When asked to discuss the role of delight on the Buddhist path, when it should be cultivated, and when let go of, here’s what Ajahn Sucitto had to say:

“Well, there are many words that are used in the Buddhist lexicon, but I image that what the questioner is talking about is something like rapture and happiness piti and sukha.

“This is to be cultivated in order to counteract the hindrances — the effects of the hindrances, the traces of the hindrances.
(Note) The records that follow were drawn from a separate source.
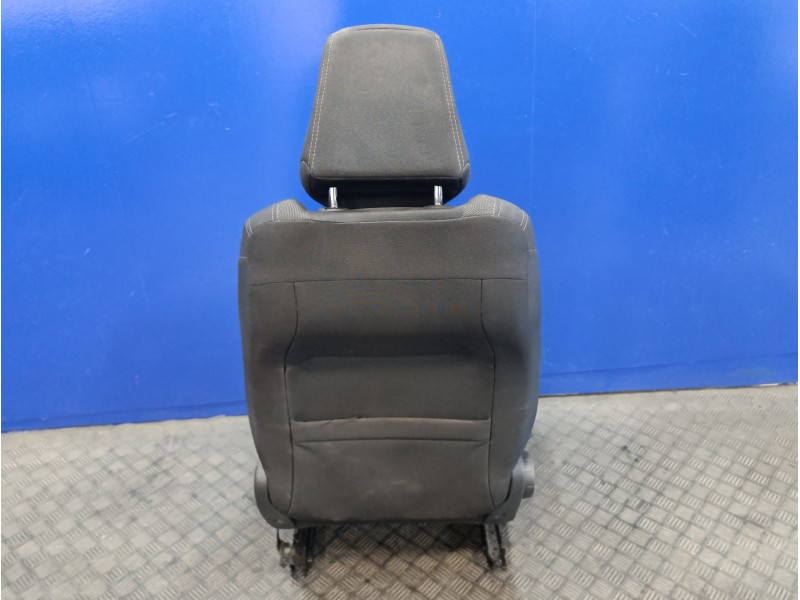 Recambio de juego asientos completo para peugeot 308 1.6 blue-hdi fap referencia OEM IAM 1302295X  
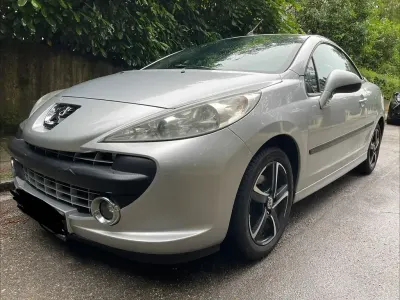 Gebraucht Peugeot 207 CC Platinum 109 PS (80 kW) 2007 Silber Cabrio
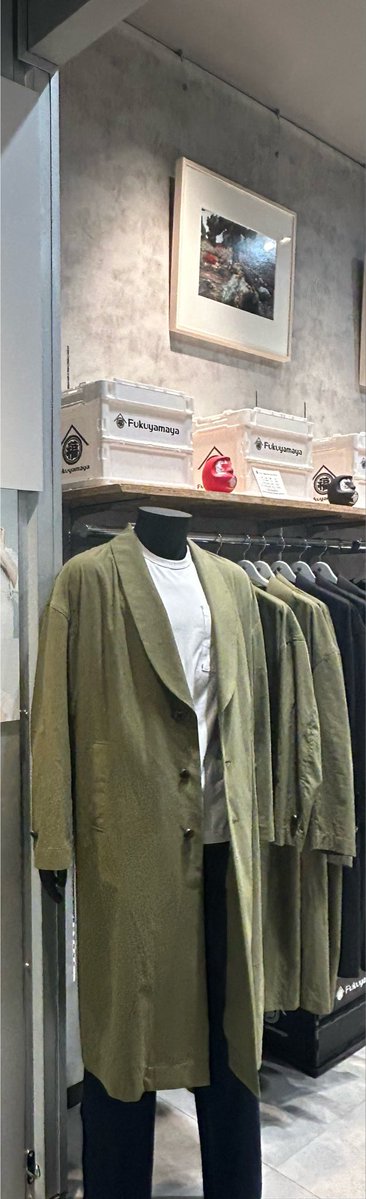 mto967's tweet photo. 何億年かぶりに都会に来ました。
そしてこのマネキンの服を触るのにめちゃくちゃ緊張していたヤツを見かけた方、それはわたしです。

#超PARK
#BROS1991 https://t.co/LgBI6PMQLV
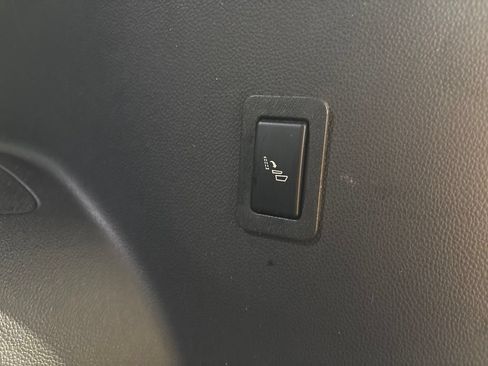 Used 2025 GMC Yukon XL Denali AWD/4WD image 53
“We can imagine that the citta [heat/mind] will flow down the most predominant tracks, the most deeply etched tracks, like a fluid will run down the tracks that are most deeply engraved, that are most habitual. So if our habitual tendency is worry, or negativity, or cynicism, or self-criticism, then the citta easily runs down that. At the drop of a hat, it rushes down it.

“When we meditate, we are deliberately blocking those channels, or turning away from those channels, and developing other channels. So, with puja [devotional rituals], sila [ethical behavior], metta [goodwill], dana [generosity] — all that — composure, breathing in and breathing out, and so forth — we are developing other things.

Those qualities become authorized by pleasure.

“We are quite simple creatures, really. We follow what’s pleasant. So, pleasure gives authority. We obey pleasure. And we obey pain.

“So when we begin to recognize qualities that give a sense of pleasure that is skillful, that we feel no regret around, that doesn’t gives us hangovers or burn-outs or harm anybody or cost anything — then, we go for it.

“And then the citta begins to get reset from these negative kamma [actions] to agreeable kamma. Agreeable kamma has good feeling associated with it.

“Agreeable kamma feels good. It’s not just morally correct. It feels good. And it’s important to recognize the feel-good quality of it. It’s not just correct. It should feel good.

If it doesn’t feel good, you haven’t really embedded in it yet, you haven’t really drunk it in yet, you haven’t made use of it. You should absorb it — till it makes you feel GOOD.

“Then it’s going to gain authority.

“So reflect a lot and wisely attend to skillfulness. Take it into the heart. How’s this feel? To avoid harming, to put aside cruelty, doesn’t that give you dignity, value, self-respect? Isn’t that good? Doesn’t that feel good?

“So we meditate — and part of the aim of meditation is to feel good. To feel these qualities of calm, and ease, and absence of pressure, and simplicity, freedom from obstructions… This is supposed to feel good! To make you happy!

“If you haven’t looked at that aspect of it, then you have deprived yourself of one of the main aims. Because the pleasant feeling definitely creates a momentum so that the citta will then go there. And then it loses track, it loses touch with the negative kamma. Gross negativity, that is. Those tendencies dry up. Because it’s gone the other way.

“This is the point of piti and sukha. These are embodied qualities. And the body itself begins to release some of its tensions, its somatic distortions. We can feel trapped in our chest or locked into our bellies or shut down in our throats. Then that starts to peel off. And you feel VERY NICE.

And it’s skillful.

“It should not be ‘let go of.’ Nothing is ‘let go of.’ Things become unnecessary. They fall off when they’re no longer needed.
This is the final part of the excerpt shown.